Synaptic messes sources.list and sources.list.d

Bug #879943 reported by Sergio Callegari
18
This bug affects 3 people
Affects Status Importance Assigned to Milestone
software-properties (Ubuntu)
Fix Released
Medium
Unassigned

Bug Description

Consider the following situation

1) I carefully edit by hand the /etc/sources.list file or the files in /etc/sources.list.d files
(this is something I do to have them aligned between different machines. In fact it is not a real edit, but a copy from another machine)

2) Try the lists with apt-get update. Everything is fine.

3) Start synaptic. Go to the settings window to edit the repos. Go to the other software tab.

4) Do any possible little action. For instance activate and disactivate the source repo for ubuntu partners. Assure that your action has nothing to do with the changes you made in 1)

5) See how synaptic has horribly restored the repo list as it was before your hand edit.

6) Exit synaptic and go to the /etc/apt dir. Verify how everything has gone back exactly as it was before your hand edit. Repos that you erased are there again. Repos you edited have their changes reverted.

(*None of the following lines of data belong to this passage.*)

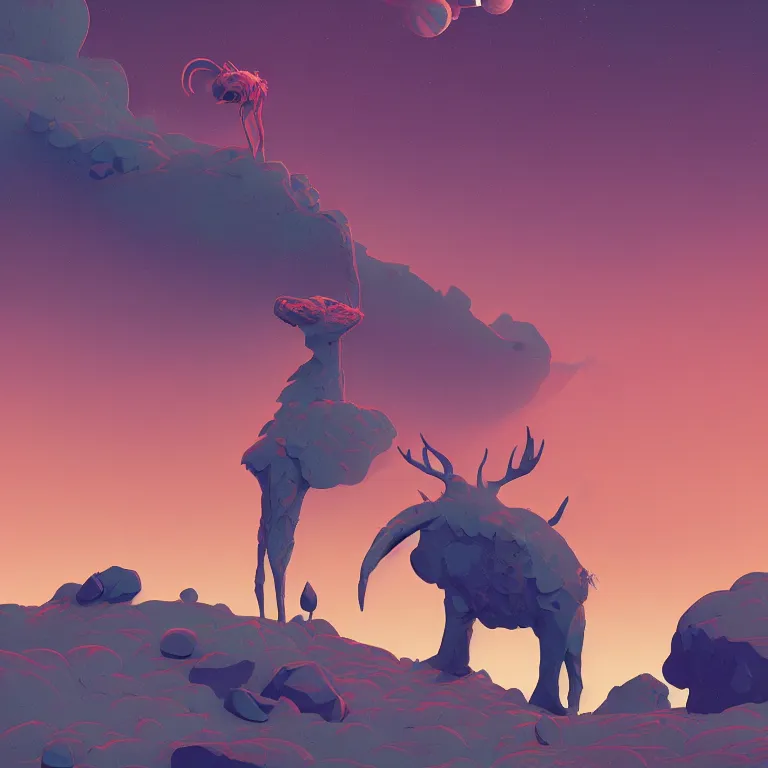 Prompt: a surreal hybrid animal standing on the surface of a simple planet by tomer hanuka and beeple and chester don powell, dramatic composition, strong clashing colors, sharp focus, 3d shading, volumetric lighting, masterpiece, beautiful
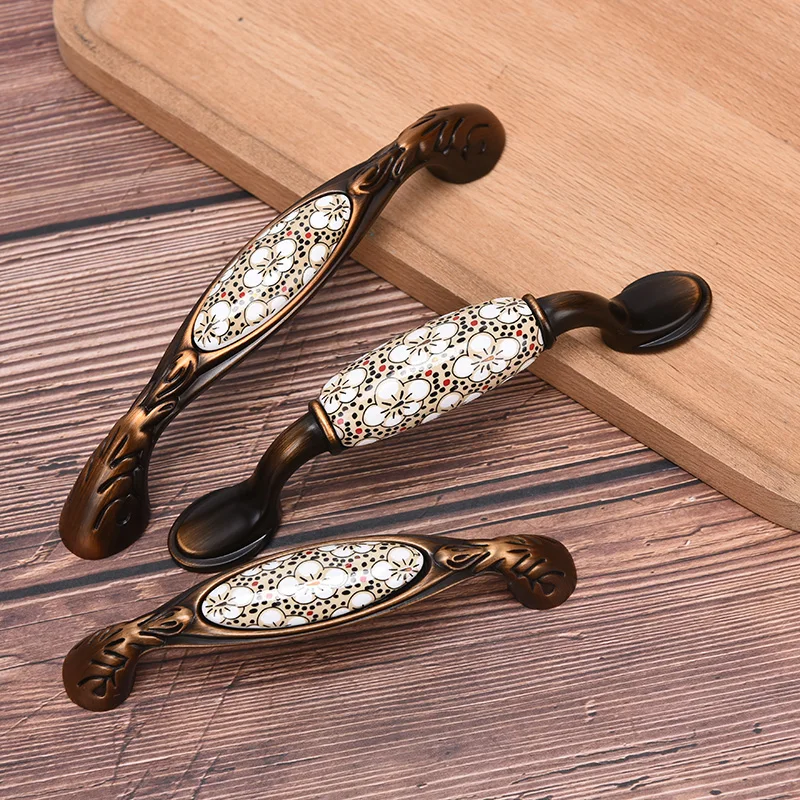 1 шт. антикварные бронзовые керамические ручки для шкафов ящиков дверные шкафа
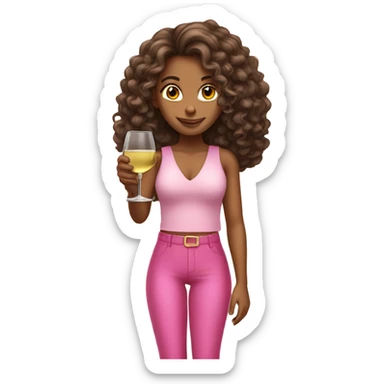 tanned girl long curly hair wearing pink holding white wine sticker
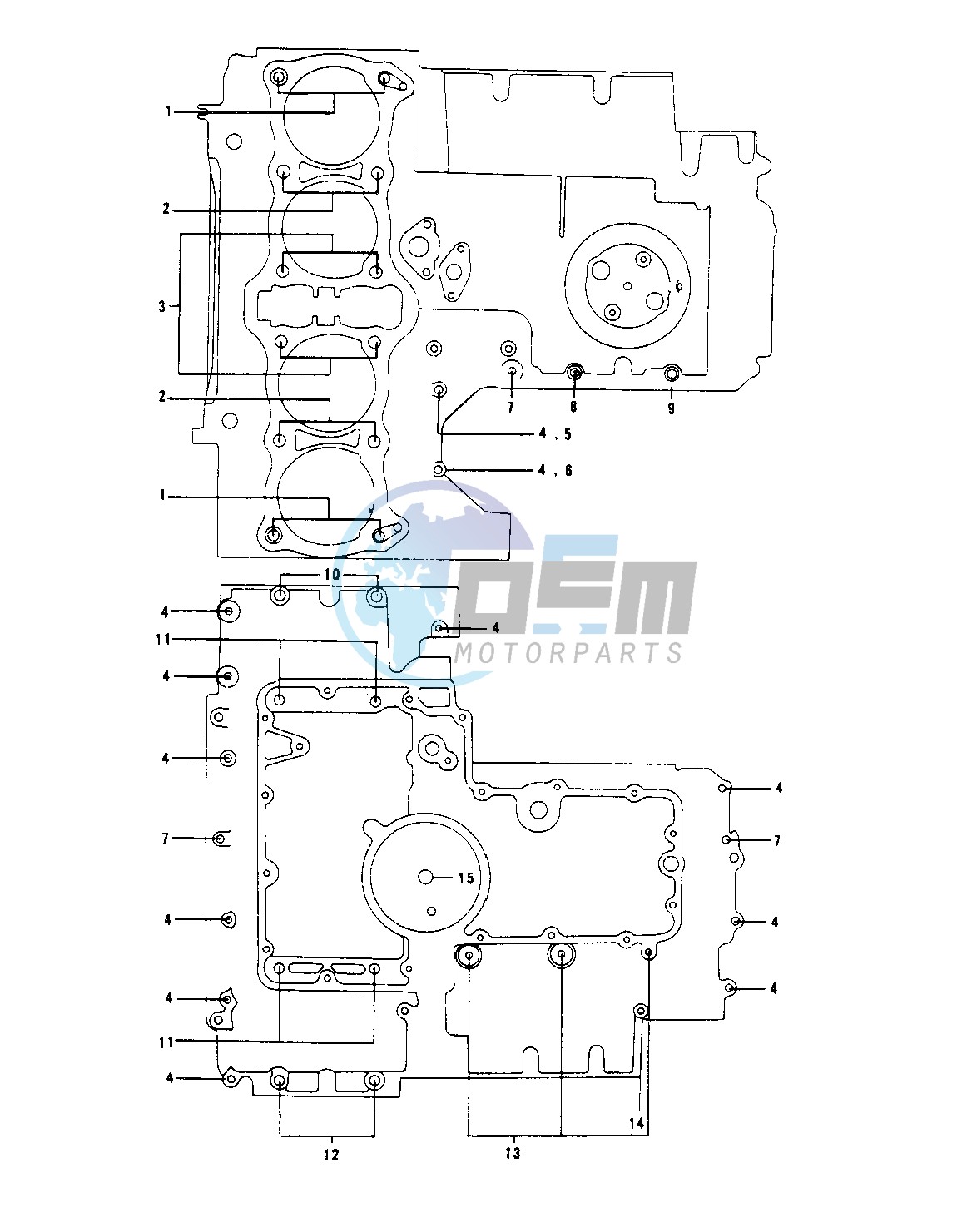 CRANKCASE BOLT & STUD PATTERN -- 78 C1_C1A- -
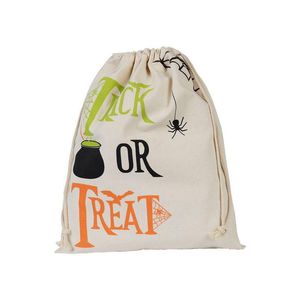 Kerstversiering Halloween Cadeauzakjes 34Cmx42Cm Holloween Canvas Trick Or Treat Pompoen Spin Dstring Kous Drop Delivery Thuis Dhxzl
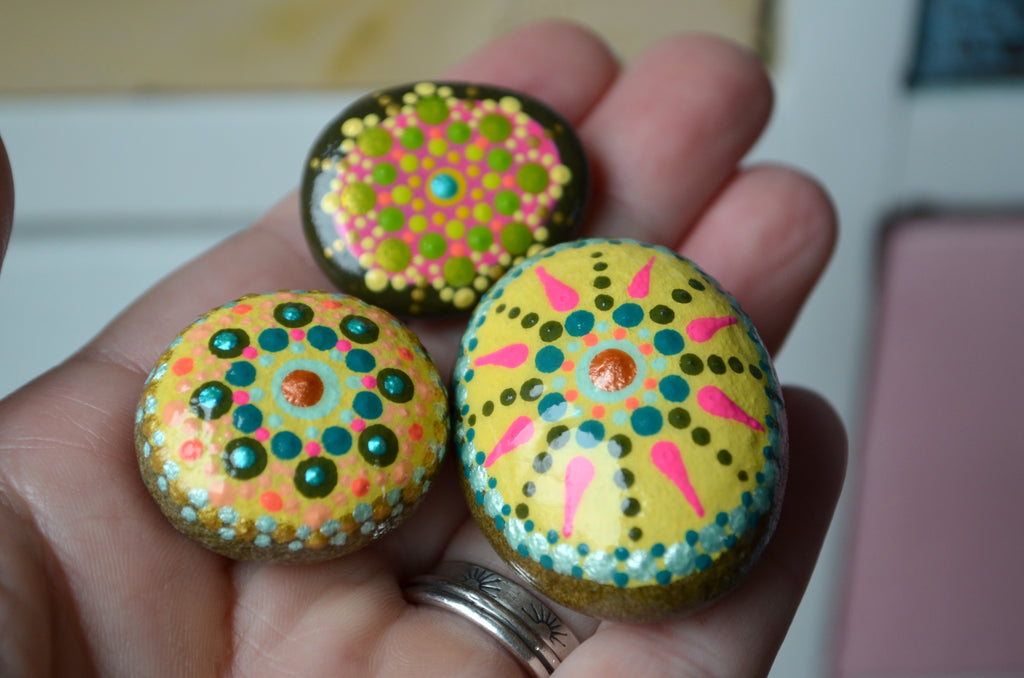 Cute Fridge Magnets, Hand Painted Rock, Yellow Mandala Magnets, 3 Refrigerator Magnets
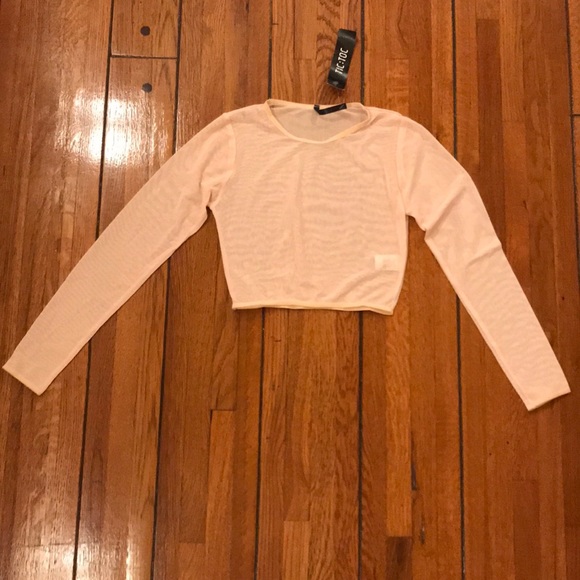 Forever 21 Tops - Forever 21 | Nude Long Sleeve Crop Top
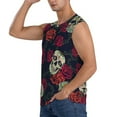 thumbnail image 3 of Fotbe Men's Roses Skulls Print Men's Sleeveless Muscle Tank Tops Casual T-Shirts for Gym Workout Beach-Medium, 3 of 8
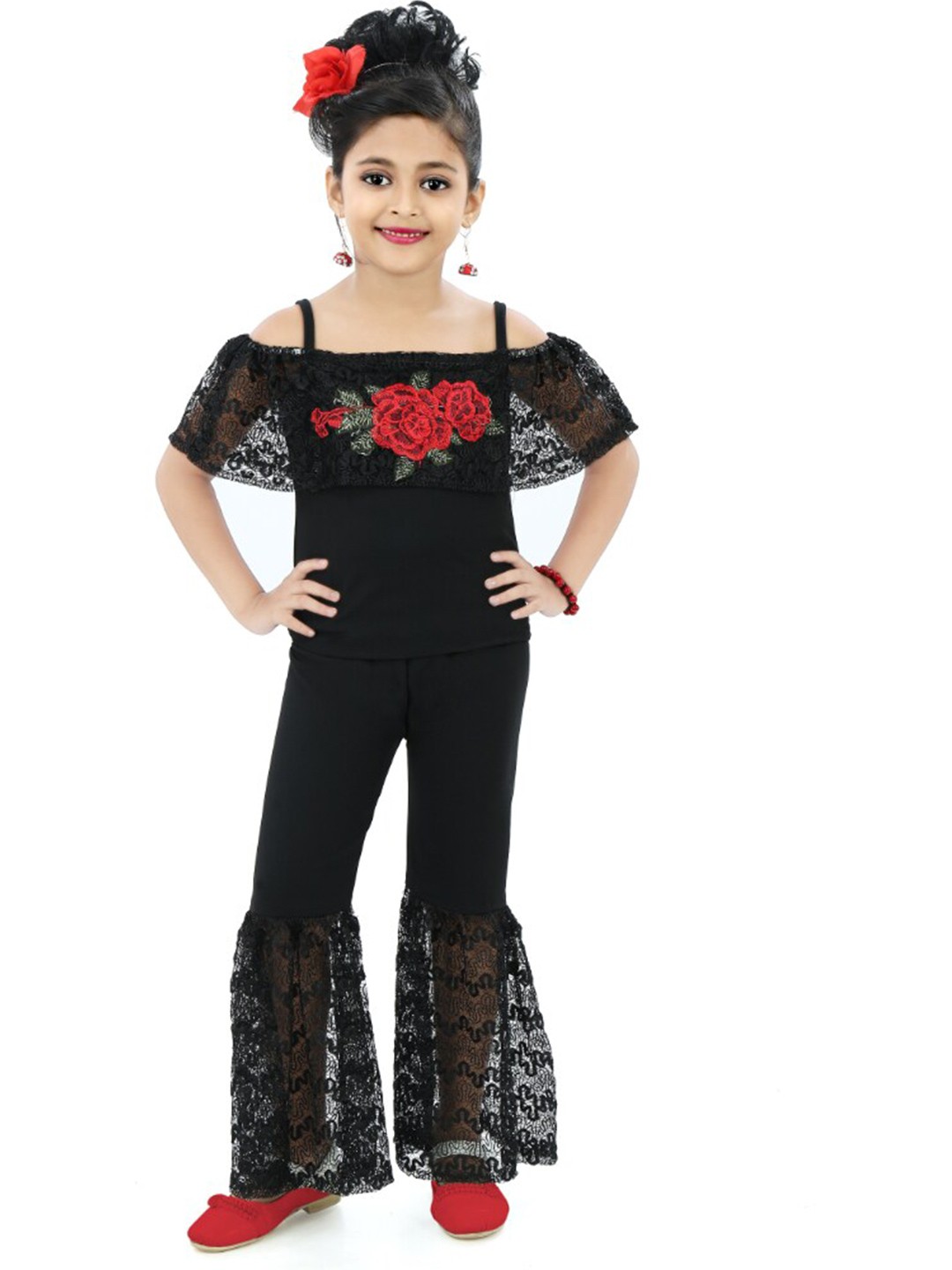 

BAESD Girls Self Design Top with Trousers, Black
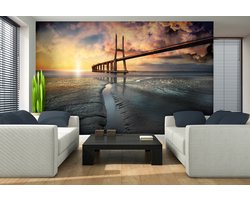Fotobehang Vlies | Brug, Zee | Geel | 368x254cm (bxh)
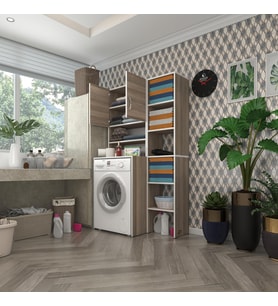 Kenzlife çamaşır makinesi dolabı hayzummaks crd 180*096*55 banyo kiler çift kapaklı arkalıklı (Karışık)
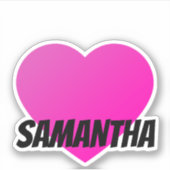 Vorname des rosa Herzens mit schwarzer Textaufkleb Aufkleber (Vorderseite)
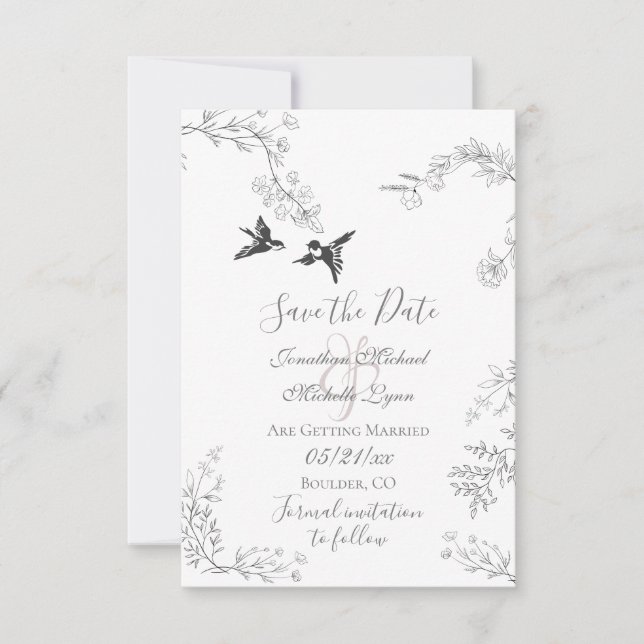 Reserva La Fecha Aves y ramas Bonito Floral Boda Jardín (Anverso)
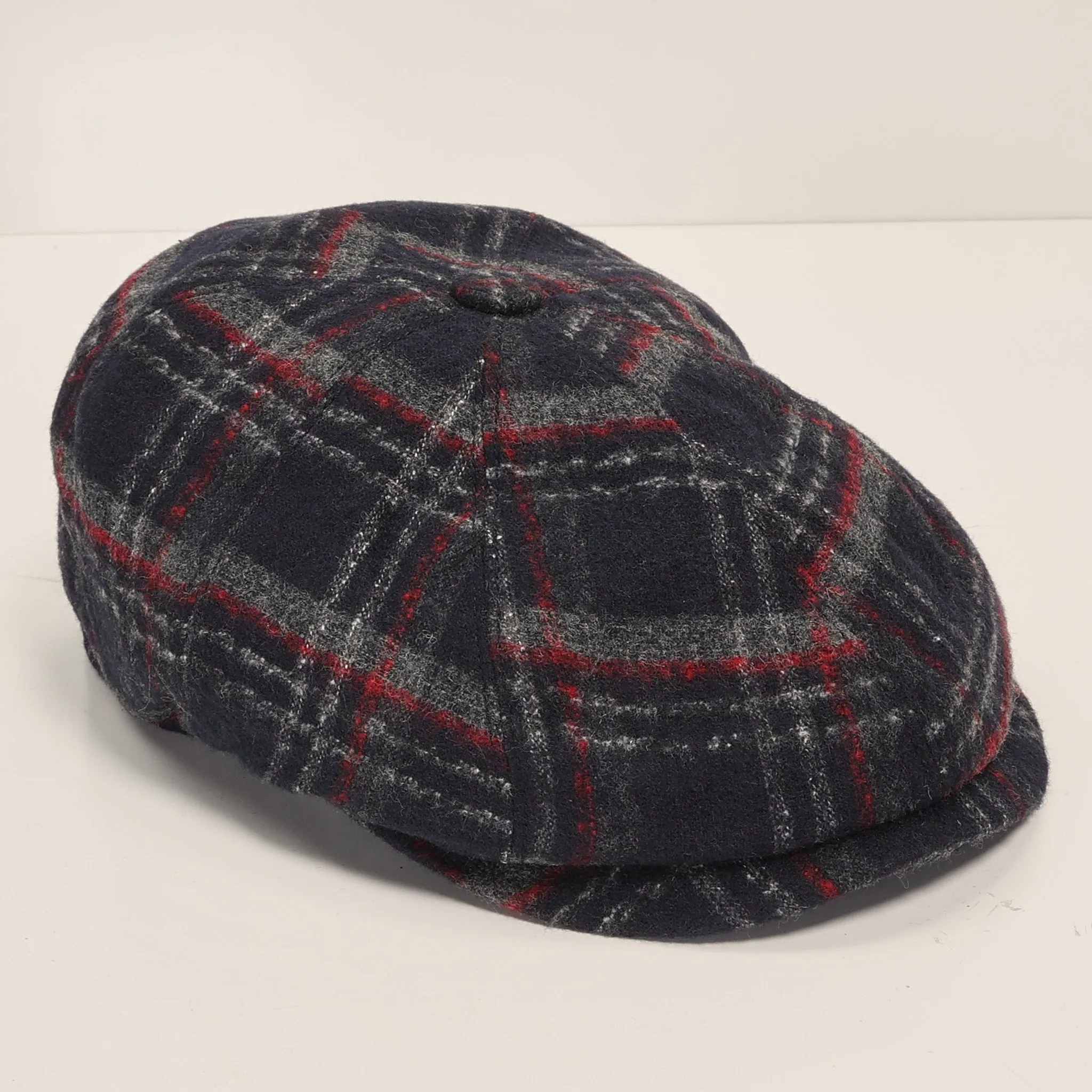 Wool Blend Windowpane Newsboy Cap - Black Grey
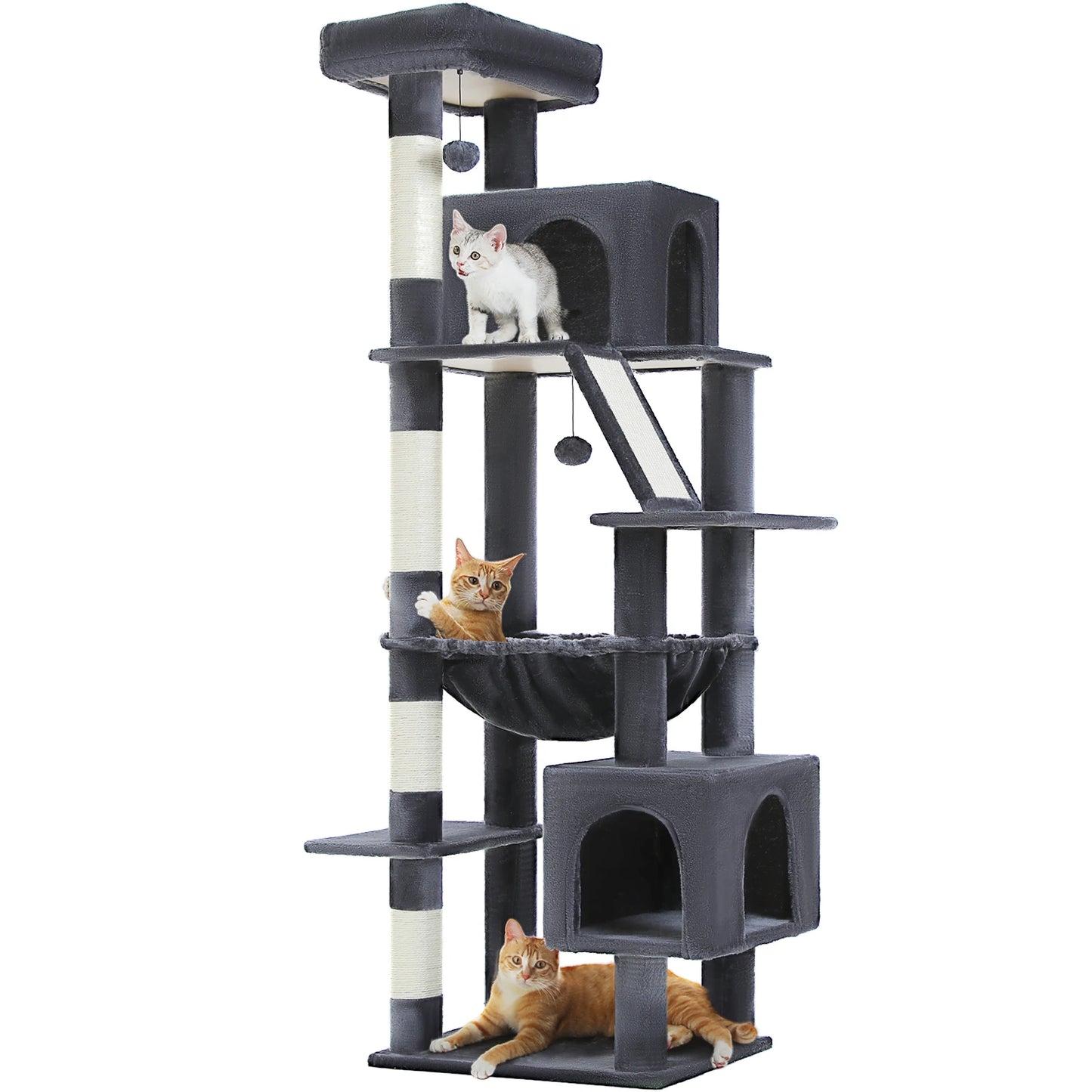Cat Tree for Large Cats, Tall Cat Tower for Indoor Cats Multi-level Cat House Furniture with 2 Big Condo Pad Bed Scratching Post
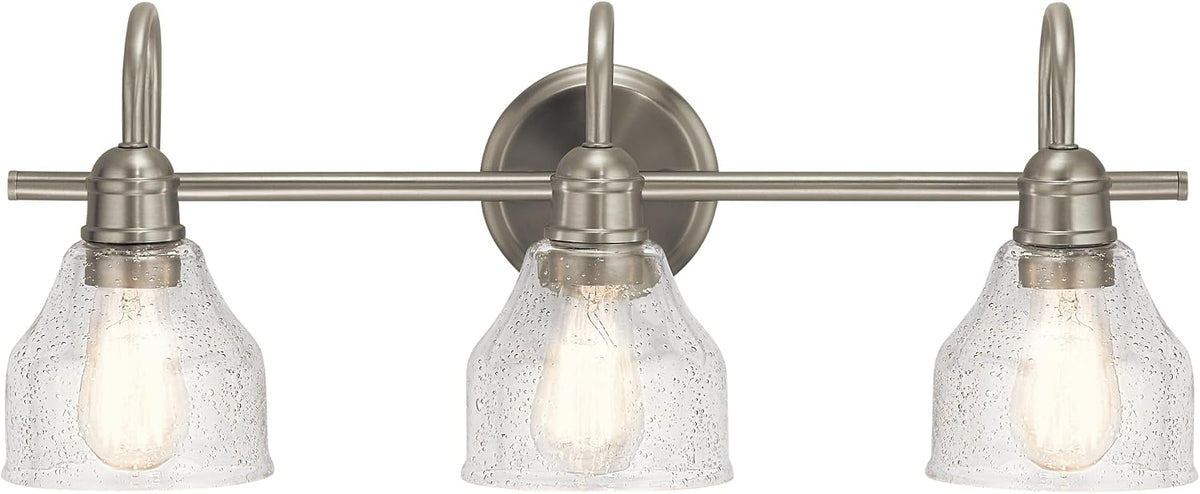 Kichler Avery 3-Light Farmhouse Vanity Light, Brushed Nickel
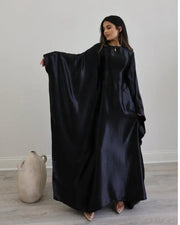 Wrinkled Satin Black Butterfly Abaya Dress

IMHO this is not just wrong, but also very dangerous.
Suppose that I had added a repo from a third party source.
Suppose that I then find out that this repo is dangerous. For instance because it replaces some package with a bugged package or a package with a back door.
Suppose that I consciously restore the package to the original version and I hand erase the crappled repo from my list of repos by removing the corresponding file from the /etc/apt/sources.list.d dir
Now I feel safe. However, any time I use synaptic I risk having that repo back.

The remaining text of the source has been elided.